BEGIN Data to examine
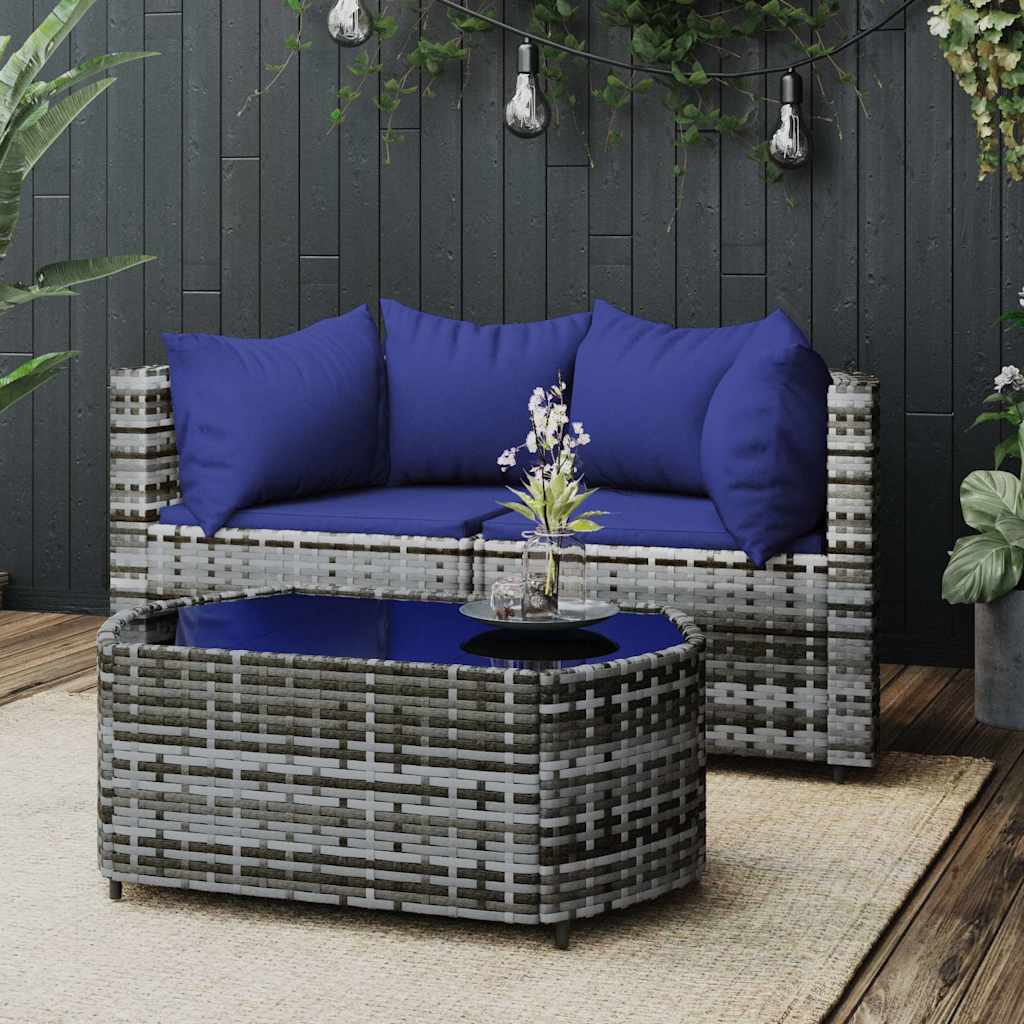 vidaXL 3-tlg. Garten-Lounge-Set mit Kissen Grau Poly Rattan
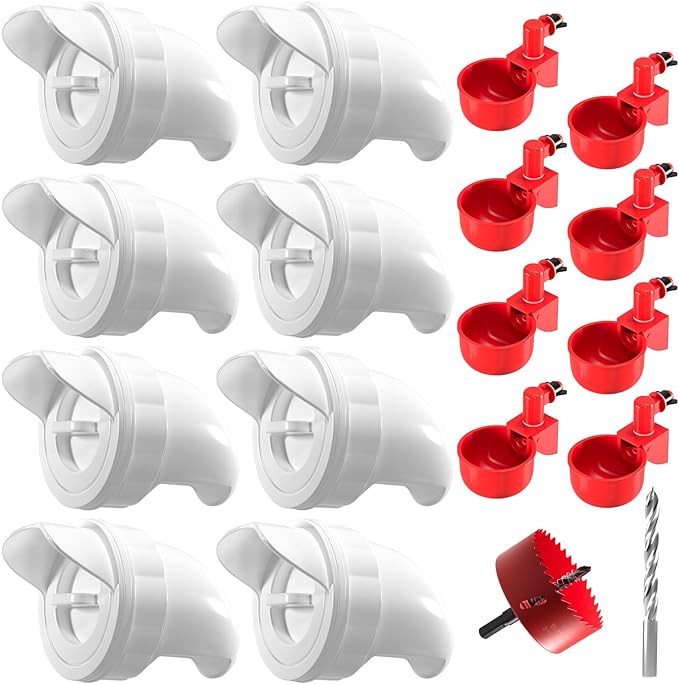 Chicken Feeder No Waste Automatic Poultry Feeder Ports Chicken Feeders and Waterer Set Chicken Feeder Kit 8 Chicken Water Cups with 8 auto Chicken Feeders Ports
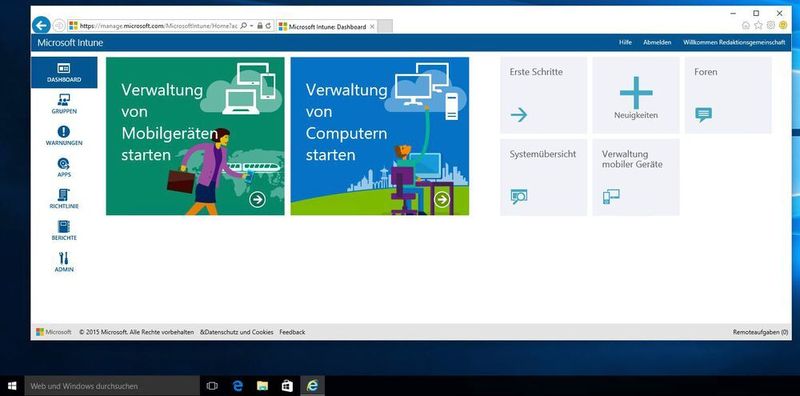 Übersichtlich gestaltete Einführung: Systembetreuer, die erstmals Microsoft Intune einsetzen wollen, werden durch entsprechende Hilfen Schritt für Schritt durch das Portal und dessen Möglichkeiten geleitet. (Bild: Schlede/Bär)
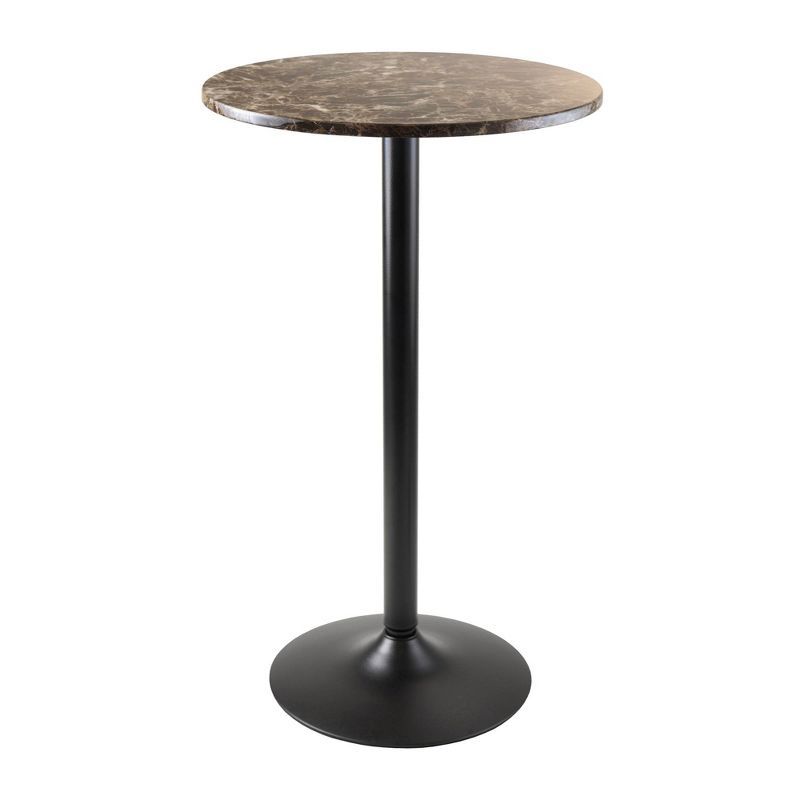 Transitional 24" Round Counter Height Faux Marble & Wood Table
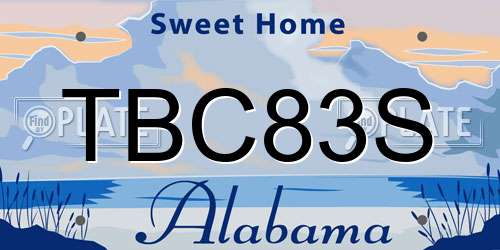 TBC83S Alabama License Plate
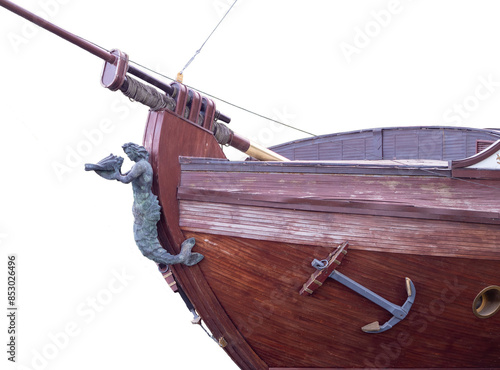 old wooden ship bow with figurehead isolated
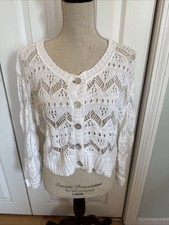 COMFY CROP relais sweater Made In USA White Open Weave Cardigan Sweater Size M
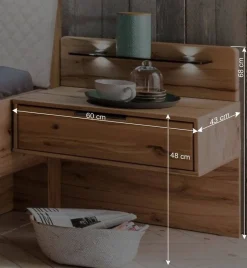 Kernbuche Bett & Nachtkommoden - Krofun (dreiteilig)^Wohnen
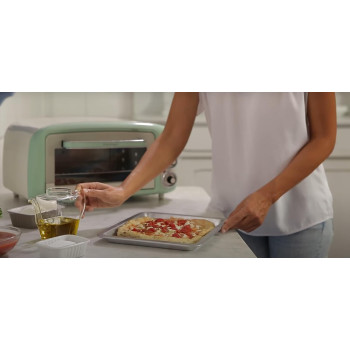 Ariete Mini Vintage Electric Oven, 1380W, 18L, 60Min Timer, 230 C Max Temp, Stainless Steel Grill, for Roasting Chicken and Baking Pizza, Pie, Cookies - Green ART979/04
END Data to examine
• _Exercise details_
Skip the pictures and quote each line of the entries above, from the first through the line with "Übersichtlich gestaltete Einführung: Systembetreuer, die", exactly as it appears.

• _Answer_
 vidaXL 3-tlg. Garten-Lounge-Set mit Kissen Grau Poly Rattan
 Chicken Feeder No Waste Automatic Poultry Feeder Ports Chicken Feeders and Waterer Set Chicken Feeder Kit 8 Chicken Water Cups with 8 auto Chicken Feeders Ports
 Übersichtlich gestaltete Einführung: Systembetreuer, die erstmals Microsoft Intune einsetzen wollen, werden durch entsprechende Hilfen Schritt für Schritt durch das Portal und dessen Möglichkeiten geleitet. (Bild: Schlede/Bär)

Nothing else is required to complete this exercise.